En avril 1982, la grève à Aulnay
est très médiatisée. En 1980 on avait vu les ouvriers polonais
agenouillés en train de prier en AG, cette fois-ci nous voyons des
centaines d'ouvriers en bleu de travail avec au dos marqué Citroën,
prosternés sur un parking en direction de la Mecque, écoutant un
imam-ouvrier. La CGT d'époque a inscrit parmi les revendications
spécifiques pour travailleurs immigrés « le droit et les
moyens d'exercer son culte ». dans le récit des événements,
« L'Humanité » fait à nouveau dans le genre « à
chacun son boche » : « ...la provocation (patronale)
est allée jusqu'à fournir comme seule nourriture (…) aux
délégations syndicales composées de nombreux travailleurs de
confession islamique... du porc et du vin ! La direction n'avait
pas prévu que ces vivres seraient refusées par tous les
syndicalistes français et immigrés ». Question de dignité !

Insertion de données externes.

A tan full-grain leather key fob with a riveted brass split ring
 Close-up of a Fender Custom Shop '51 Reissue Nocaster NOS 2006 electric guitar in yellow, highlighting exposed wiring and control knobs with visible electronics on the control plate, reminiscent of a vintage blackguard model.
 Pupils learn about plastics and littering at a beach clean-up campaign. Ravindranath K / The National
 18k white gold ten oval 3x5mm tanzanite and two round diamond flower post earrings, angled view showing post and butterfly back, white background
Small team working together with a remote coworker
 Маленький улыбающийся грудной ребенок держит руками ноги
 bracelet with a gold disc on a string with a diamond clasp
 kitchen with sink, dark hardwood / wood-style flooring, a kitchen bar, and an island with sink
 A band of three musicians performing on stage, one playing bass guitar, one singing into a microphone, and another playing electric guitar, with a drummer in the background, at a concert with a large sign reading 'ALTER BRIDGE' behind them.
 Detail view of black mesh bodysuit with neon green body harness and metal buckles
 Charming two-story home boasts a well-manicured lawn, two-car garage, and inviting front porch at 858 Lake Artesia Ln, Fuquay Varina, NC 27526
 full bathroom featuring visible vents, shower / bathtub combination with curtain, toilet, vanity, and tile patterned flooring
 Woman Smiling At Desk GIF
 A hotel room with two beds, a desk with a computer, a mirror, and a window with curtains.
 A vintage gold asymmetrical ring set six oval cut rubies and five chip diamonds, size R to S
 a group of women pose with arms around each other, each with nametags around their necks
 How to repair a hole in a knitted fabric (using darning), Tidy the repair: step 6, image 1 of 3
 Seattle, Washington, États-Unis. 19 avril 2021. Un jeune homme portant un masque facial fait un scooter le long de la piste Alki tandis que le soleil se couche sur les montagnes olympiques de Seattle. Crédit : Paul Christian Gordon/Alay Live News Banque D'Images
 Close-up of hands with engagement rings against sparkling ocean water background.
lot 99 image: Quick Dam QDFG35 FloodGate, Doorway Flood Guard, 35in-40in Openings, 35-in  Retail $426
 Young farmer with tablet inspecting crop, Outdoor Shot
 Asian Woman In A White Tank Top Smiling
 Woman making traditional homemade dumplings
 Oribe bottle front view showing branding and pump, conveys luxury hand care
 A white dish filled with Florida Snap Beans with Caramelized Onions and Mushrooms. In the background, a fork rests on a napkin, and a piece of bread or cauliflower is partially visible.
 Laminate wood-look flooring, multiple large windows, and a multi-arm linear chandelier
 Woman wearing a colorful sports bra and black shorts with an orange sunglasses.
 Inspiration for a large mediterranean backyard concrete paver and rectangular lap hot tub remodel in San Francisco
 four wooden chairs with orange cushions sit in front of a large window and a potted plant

Conclut le journal stalinien.
Depuis « l'identité
musulmane » en entreprise a fait son chemin, à EDF, à la RATP
où des « frères de classe », sombres barbus comme le
père Noël, peuvent refuser de serrer la main à des non-soeurs de
classe et jusqu'à l'extérieur de l'entreprise, où dans des
boutiques, rue Jean-Pierre Timbaud à Paris par exemple, il vaut
mieux savoir parler arabe, ne pas se permettre d'interrompre la
conversation entre deux barbus, et, si l'on est une pauvre femme,
accepter de se laisser doubler par un homme dans la queue. Ne parlons
pas des cafés dans le 9-3 où seuls, les hommes croyants et Benoît
Hamon ont le droit d'entrer... (45% de la population du 93 est
musulmane d'après le Préfet, cette région est considérée comme
le bastion des starts up de l'avenir et un... gisement d'emploi non
conflictuel). Une bonne classe ouvrière est une classe musulmane,
n'est-ce pas ? C'est à dire soumise corps et âme.
1Kepel
ajoute une note savoureuse, à la lecture du « Quotidien du
peuple » : « Pour les maoïstes qui s'efforcent
d'être « comme des poissons dans l'eau » en milieu
immigré, la référence musulmane est instrumentale et doit
faciliter leur insertion. Ainsi, ils n'hésitent pas à distribuer à
Belleville de stracts intitulés : « Avec les
travailleurs immigrés maghrébins fêtons l'Aïd al Kébir »
(la fête du mouton) ce qui susciste des réactions horrifiées chez
leurs rivaux trotskistes, qui ont la fibre plus « laïque ».